She writes: “Without love we lose our life force, fail to thrive, fail to grow.” Loneliness is a massive, and growing, problem for richer countries, where fewer people have children and are more likely to live and die alone. Van Voorst notes that almost half of residents in Amsterdam and Rotterdam live alone and are not in a relationship.

So the market for love-lack-plugging entities, whether virtual pals or partner-sharing, is clearly a growing one, and who wouldn’t want to make money from human misery? Dating apps, whilst promising endless, debilitating choice, are designed for you not to find a partner, because then you never leave the app.

Is polyamory, whereby “several simultaneous, open, loving relationships are maintained”, a solution to all the loneliness? I’m not sure why a human timeshare would be a better solution than mutually picking someone you randomly meet and making a go of it with them, but perhaps I’m missing something.

Van Voorst hangs out with some polyamorous groups (“polycules”) and in one case meets a “friendship baby”, a consequence of one such arrangement where six adults live together. One wonders whether the baby is so keen on polyamory, but no matter: Van Voorst is told that jealousy, whilst unfortunately ineradicable, nevertheless tells you something about your own insecurity rather than about your partner.

Besides, human beings have always been polyamorous, or at least non-monogamous, she claims, so why not make it into a perky, rationalist, transparent, spreadsheet sort of thing? If I tell you that I want to have sex with your friend, that’s okay, you shouldn’t feel sad about it; in fact, it’s good.

The author seems almost cross with herself that she feels little affinity with polyamory: “How can it be that I feel so comfortable with monogamy, whilst a slow but steadily growing group of people does not feel the same way and claims that polyamory is the way of the future?”

A Polyamorous trio pose for a picture at Pueyrredon Park, in Buenos Aires

But the phenomenon in its contemporary form raises a general and troubling question: what model of the self is presupposed in polyamory, or for a person who wants to have sex with a doll (not to say these are the same people!)? Or for someone who makes relationships in virtual reality but struggles to speak to others in the real world?

Van Voorst seems to take it as read that it’s a good thing for desire to be expressed in these ways, or at least better expressed than repressed, since these phenomena will only grow in the future. Therefore we should understand before we judge.
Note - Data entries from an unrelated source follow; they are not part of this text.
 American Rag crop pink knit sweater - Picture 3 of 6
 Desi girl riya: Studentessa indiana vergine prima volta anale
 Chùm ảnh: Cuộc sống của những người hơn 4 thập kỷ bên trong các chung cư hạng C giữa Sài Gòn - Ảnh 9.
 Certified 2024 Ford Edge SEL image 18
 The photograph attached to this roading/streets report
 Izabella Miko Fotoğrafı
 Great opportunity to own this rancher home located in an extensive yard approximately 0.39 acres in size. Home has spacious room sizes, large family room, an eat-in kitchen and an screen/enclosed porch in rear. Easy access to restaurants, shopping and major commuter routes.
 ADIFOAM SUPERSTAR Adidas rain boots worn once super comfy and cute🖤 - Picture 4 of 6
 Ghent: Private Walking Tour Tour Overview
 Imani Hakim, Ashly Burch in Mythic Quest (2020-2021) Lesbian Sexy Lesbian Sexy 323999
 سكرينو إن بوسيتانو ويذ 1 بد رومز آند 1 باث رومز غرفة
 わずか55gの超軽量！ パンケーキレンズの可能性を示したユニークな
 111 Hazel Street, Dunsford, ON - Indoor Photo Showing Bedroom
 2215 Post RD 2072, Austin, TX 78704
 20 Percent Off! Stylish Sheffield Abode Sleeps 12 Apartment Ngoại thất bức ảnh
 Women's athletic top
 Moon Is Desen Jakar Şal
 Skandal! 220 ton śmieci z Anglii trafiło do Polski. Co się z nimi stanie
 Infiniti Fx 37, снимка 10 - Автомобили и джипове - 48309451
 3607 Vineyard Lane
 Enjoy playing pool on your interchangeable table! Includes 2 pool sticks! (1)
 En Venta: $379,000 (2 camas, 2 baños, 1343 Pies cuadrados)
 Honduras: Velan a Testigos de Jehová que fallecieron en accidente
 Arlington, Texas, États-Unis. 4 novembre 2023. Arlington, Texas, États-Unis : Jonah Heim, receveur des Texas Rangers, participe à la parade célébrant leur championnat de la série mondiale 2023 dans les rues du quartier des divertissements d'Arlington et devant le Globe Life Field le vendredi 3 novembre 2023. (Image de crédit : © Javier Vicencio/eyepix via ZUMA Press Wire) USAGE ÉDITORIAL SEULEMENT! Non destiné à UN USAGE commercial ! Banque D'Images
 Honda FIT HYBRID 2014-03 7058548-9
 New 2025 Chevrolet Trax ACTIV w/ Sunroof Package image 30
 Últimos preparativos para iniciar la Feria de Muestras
But we can see immediate problems with any model of the self that begins with desire, rather than, say, duty or relationality.

We may not want to use a sex robot, but might we want to judge a society that says it’s okay to do so? Sex may be understood increasingly as onanistic, but pornography and the sexualisation of inanimate objects, not to mention a world in which people pay for friendship and sex, tells us something much larger about our culture. And it’s not a happy story.

Van Voorst’s artificial interactions were ultimately “docile, predictable, controllable”, and in the end she feels more sympathy for her inept robot vacuum cleaner than she does for Nick the sex doll, who has an enormous cock but has screws through his hands and habitually falls over. Van Voorst, one has to say, exhibits a certain naivety regarding the differences between male and female sexual desire: she ends up speaking a monologue to Nick in the sex doll brothel who (not very surprisingly) is more often used by gay men than heterosexual women.

Van Voorst ultimately sounds a cautious note that none of these great technological or chemical inventions can really replace the surprising (and we might even say, endearingly annoying) aspects of human interaction. She cares more about love at the end of her research than at the beginning. The afterword depicts a lovely morning with her father in a forest where they are told about how tree roots are connected, but that these attachments are often severed in the city.

Without human interaction, or its replacement by images, disembodied voices and screens, we will not develop; we will get no feedback on our behaviour. If we outsource our decisions to machines, particularly about love, we will be reneging on a central feature of our humanity itself.

We will become more machine-like and less capable of navigating the world, let alone our own feelings. Technology will not reduce loneliness at all but serve only to draw attention, when we are not distracted by it, to our isolation. Re-socialisation through church, reading groups and an embrace of the random unmediated encounter seems by far the better option. Let us not become the tool of our tools.